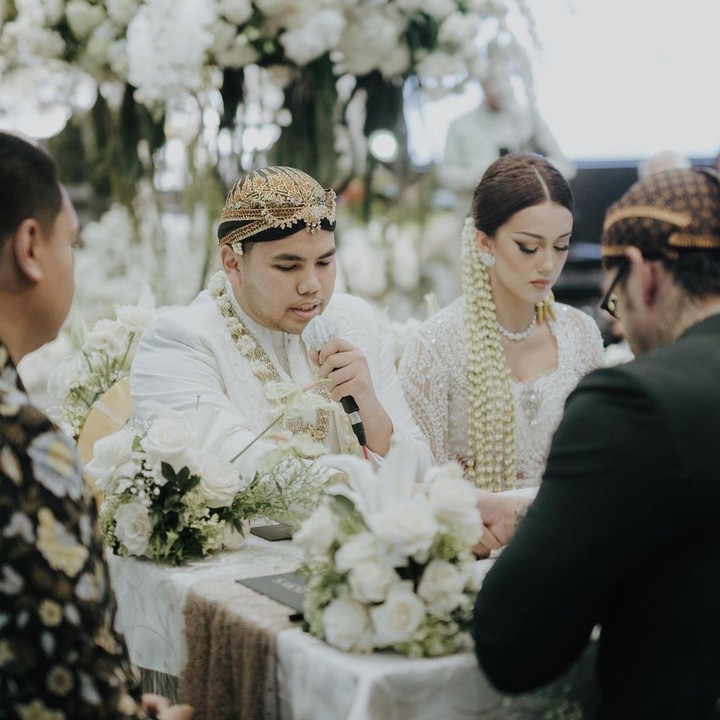 <p>Di hari spesial Nabila, sang ayah mengungkapkan kasih sayang dengan menulisan pesan manis yang menyentuh hati. "Bagaimana aku bisa menatap matamu. Dan berbohong padamu? Yang terbaik yang bisa kulakukan adalah mencoba menunjukkan padamu. Cara mencintai tanpa rasa takut," tulis Tora, dikutip dari laman Instagram@t_orausid_ro, Senin (26/8/2024). (Foto: Instagram@t_orasudi_ro/@inspirasapictures)</p>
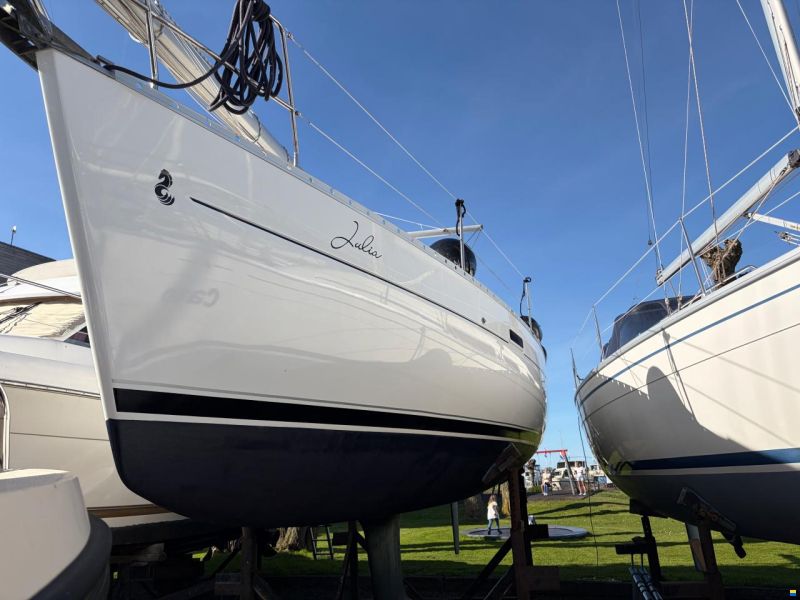 Beneteau Oceanis 331 10,40 x 3,5 x 1,65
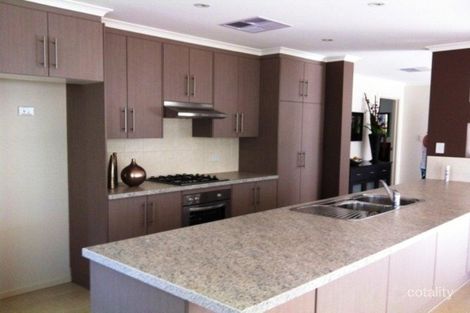 Property photo of 27 Corrimal Avenue Noarlunga Downs SA 5168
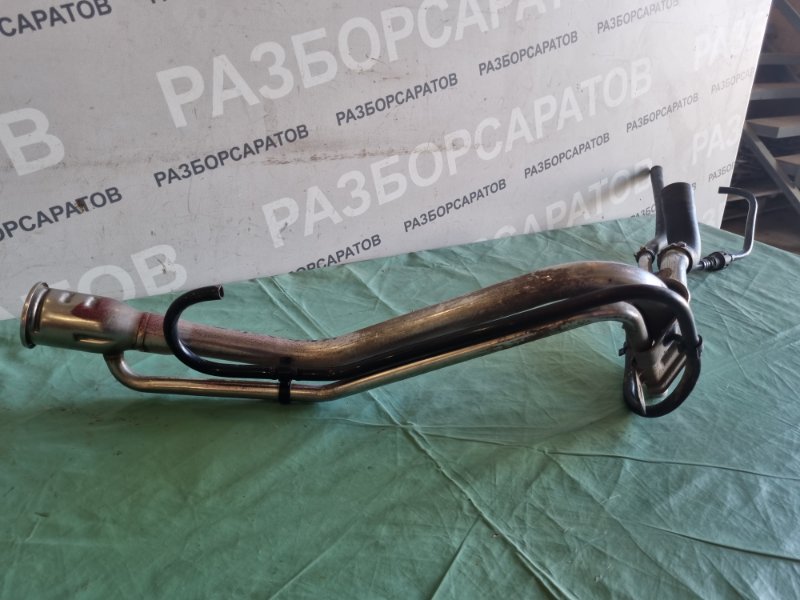Горловина бензобака Ford Focus 2007 хэтчбек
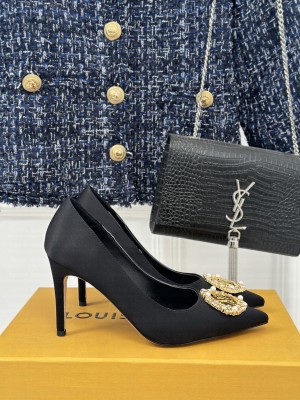 Louis Vuitton LV Initials accessory Satin Pump Black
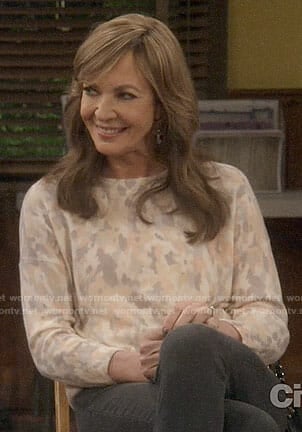 Bonnie's beige printed sweater on Mom
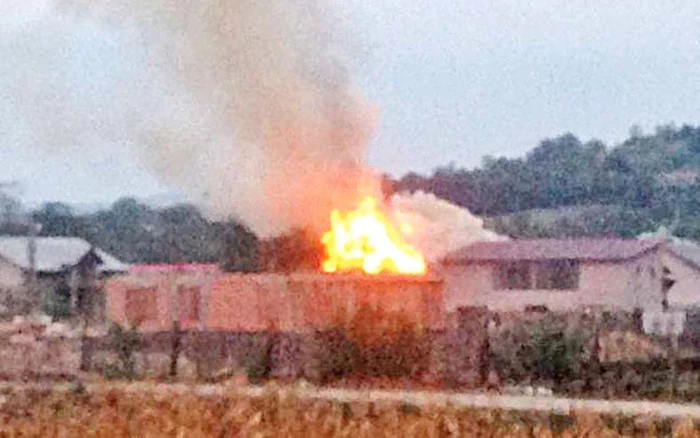 
    Cătălin Munteanu şi-a chemat prietenii şi lăutarii  şi au încins o petrecere în curtea vilei incendiate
---+---
### What you should do
Nothing but the lines from the one containing "Beneteau Oceanis 331 10,40 x 3,5 x 1,65" through the final line of the entries above should be given again, each exactly as written; omit the pictures.

### Reply to the task
 Beneteau Oceanis 331 10,40 x 3,5 x 1,65
 Property photo of 27 Corrimal Avenue Noarlunga Downs SA 5168
Горловина бензобака Ford Focus 2007 хэтчбек
 Louis Vuitton LV Initials accessory Satin Pump Black
 Bonnie's beige printed sweater on Mom
    Cătălin Munteanu şi-a chemat prietenii şi lăutarii  şi au încins o petrecere în curtea vilei incendiate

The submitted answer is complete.